Dolphins are mistakenly viewed as ‘fish’ in Japan, so, the animal rights activists are continuously lobbying the legal ban of that unhuman activity. On Wednesday, the London-based organisation Action for Dolphins (AoD) and LIA have launched an unprecedented legal challenge to the slaughter of dolphins in Japan.
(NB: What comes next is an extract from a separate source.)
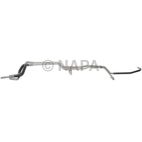 Automatic Transmission Oil Cooler Tube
According to activists, fishermen are routinely violating animal welfare laws and exceeding government-set quotas.

In Japan, dolphin drive hunting is very popular, for local people dolphins are fish but they are animals, mammals that should be protected from human cruelty.

“Dolphins are mistakenly viewed as ‘fish’ in Japan, and therefore domestic laws protecting mammals from cruelty have not been applied to them,” claimed Sarah Lucas, AoD CEO reiterated in the official statement.

Wakayama prefecture authorities abuse their powers by allowing Taiji dolphin hunt

While AoD and LIA have launched the legal challenge protecting dolphins’ rights, a prefectural government official declined to comment when contacted by the Guardian, saying it was unaware of the lawsuit.

The allegations made against Yoshinobu Nisaka, the governor of Wakayama prefecture, where Taiji is located, including that he has allegedly abused his power by issuing permits to fishermen who violate Japan’s animal welfare laws and catch quotas.

Some of the dolphins captured at Taiji are killed and their meat sold in supermarkets and restaurants, but the most attractive specimens are spared and sold to aquariums for up to tens of thousands of pounds each, according to Ms Lucas.